Guadalajara, Day 5

Ok, lets go over the things I like about this place and the things I don’t like.


  • Truckloads of fruit coming to the market every day: oranges and pineapples by the truckoad, and fruit trees growing on every street.
  • Bats drinking out of the pool at Las Sabilas.
  • Birds drinking out of the pool: at dusk, the bats would start to fly around and eat mosquitos.  Sometimes they’d detour on their fly-bys and dip into the pool for a drink and leave a little ripple.
  • Street food vendors
  • 50 cent beers for the locals
  • Flowers that change color during the day
  • brown-eyed babies, curvy Mexicanas and bedroom-eyed Mexicanos
  • Jasper swimming in the pool
  • chilaquiles: Jasper’s favorite breakfast food in Mexico.  Deep-fried tortilla strips in chile sauce, sprinkled with cheese.  Served with tortillas and frijoles.  Tastes a lot like chilli-cheese freetos.  A lttle heavy for my tastes at breakfast.
  • carne de cerdo en chile: Pork swimming in a red-chile tomatillo sauce which was out of the world.  We had nary a bite of cumin in our travels for those of you who object to it.
  • jugo de naranja: fresh orange juice
  • jugo de piña: fresh pineapple juice
  • aguas frescas: Lime, or orange, or rice, or tamarind, or  grapefruit or other random ‘ades’  with spices or not.  Quite refreshing  in the hot sun.
  • gorditaas con carnitas y salsa verde: street vendor selling hand-made tortillas grilled to melt the cheese with meat and tomatillo salsa.  The cheese and tortilla were browned and nothing less than heavenly.

Don’t like:

  • Not being able to throw the toilet paper in the toilet, instead having to throw it into the trash after using it: Mexican plumbing can’t handle toilet paper.   There are some habits which are very ingrained.  Toilet habits rank among those.
  • Buses and trucks driving on side-streets: buses and trucks make loud, loud noises.  When they drive past you on a side street, or hit the air breaks, it can be very jarring.  More than once Jasper jumped and covered his ears.
  • not knowing the tip protocol: according to my sources, one should tip a waitress, and the person who cleans one’s room.   But the taxi-driver does not expect to be tipped.  It’s really a hard situation when you just don’t know what’s polite.
  • itchy spots from the sun: our swarthy guide didn’t really buy our excuses about not being able to stay in the sun longer than a couple hours.  People with sun-friendly skin just don’t get it.  They think you might just be out of shape or lazy.
  • no door on the bathroom: your family might be close enough to not mind sharing a room while pooping.  Mine isn’t.  We’re not even striving for that.  We like a closed door between the pooper and the outside world.  This required ingenuity on our part.  We started to discretely ask each other for “private bathroom time” wherein the entire hotel room was off limits to family members not using the bathroom.
  • sleeping in a bed that isn’t  mine
  • machine gun toting guards: mostly at the banks or jewelry stores
  • $1.50 beers for the Gringos: knowing about this instance makes one feel uneasy in every other commercial interaction.
  • chilaquiles: Jasper’s favorite breakfast food in Mexico.  Deep-fried tortilla strips in chile sauce, sprinkled with cheese.  Served with tortillas and frijoles.  Tastes a lot like chilli-cheese freetos.  A lttle heavy for my tastes at breakfast.
  • cecina:  corned beef jerky.  Salty, dry, crisp-fried, thin sliced pieces of beef served with frijoles and a salad.
  • String mops: String-mops may be the root of all evil.  I’ve never seen them leave a floor cleaner than when they arrived on the scene.  I’m somewhat of a freak when it comes to cleaning a floor.  This caused some tension in our relationship with the maid.
  • Acres and acres of Chinese-made crap being pedaled: street markets would pop up spontaneously in the night while we slept.  We’d go out walk through, smell and eat the street-venders’ wares and get out.
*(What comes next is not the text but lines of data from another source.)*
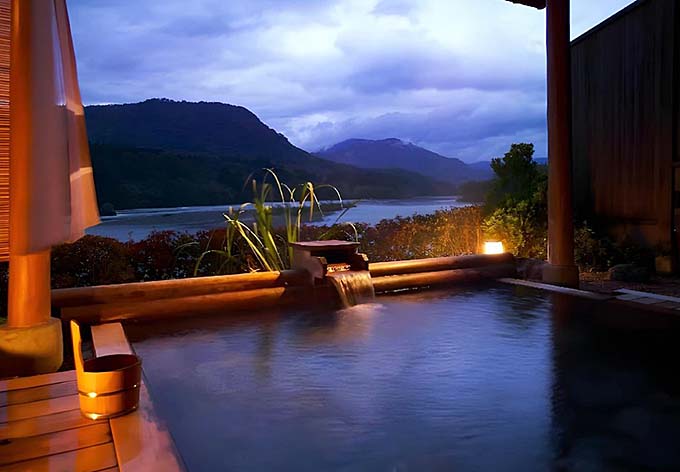 麒麟山温泉 絵かきの宿 福泉 露天風呂画像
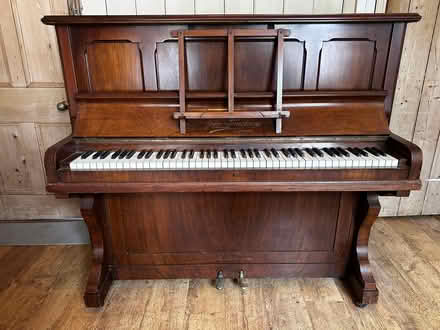 Photo of free piano (Freehold LA1) #3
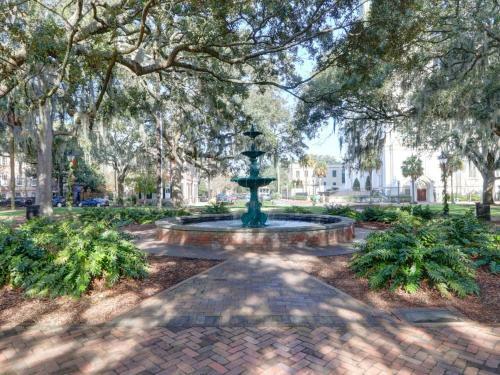Heated Pool Access Flex Cancelation Historic Lafayette Square Townhouse
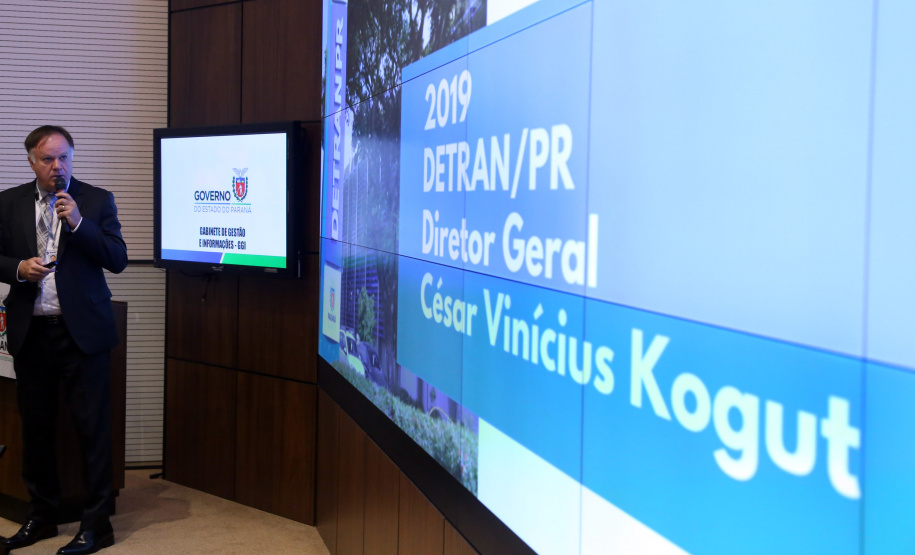 O Departamento de Trânsito do Paraná (Detran) vai intensificar as operações e ações educativas para diminuir os números de acidentes Estado. O assunto foi apresentado nesta terça-feira (23) pelo diretor-geral do órgão, Cesar Kogut, durante a reunião da equipe do governo, no Palácio Iguaçu. O encontro foi coordenado pelo governador em exercício Darci Piana. Foto Gilson Abreu ANPr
How many shoes can one world need?  We saw enough shoes in our trip that i am comfortable adding shoes to my list of things which need a moratorium of their production.   By 6 in the evening, they’d be gone.  Even the trash was gone.
  • Cucarachas: only saw 3 on this trip.  This is a record as far as latin american countries.  we usually see many many more.
  • deformed and disabled beggars : these put a damper on many a walk-about.  Jasper found it unconscionable that people without arms or legs, or both, would be left to beg for coins on the street.  The only way he’d leave the hotel room was with a pocket full of change.  Jasper asks important questions like, “how does that guy even get to the corner?  He’s just like a basketball with a head. Someone must bring him in a wagon.”  When I asked my Mexican acquaintances how they handled talking about the beggars with their kids, they couldn’t understand the question.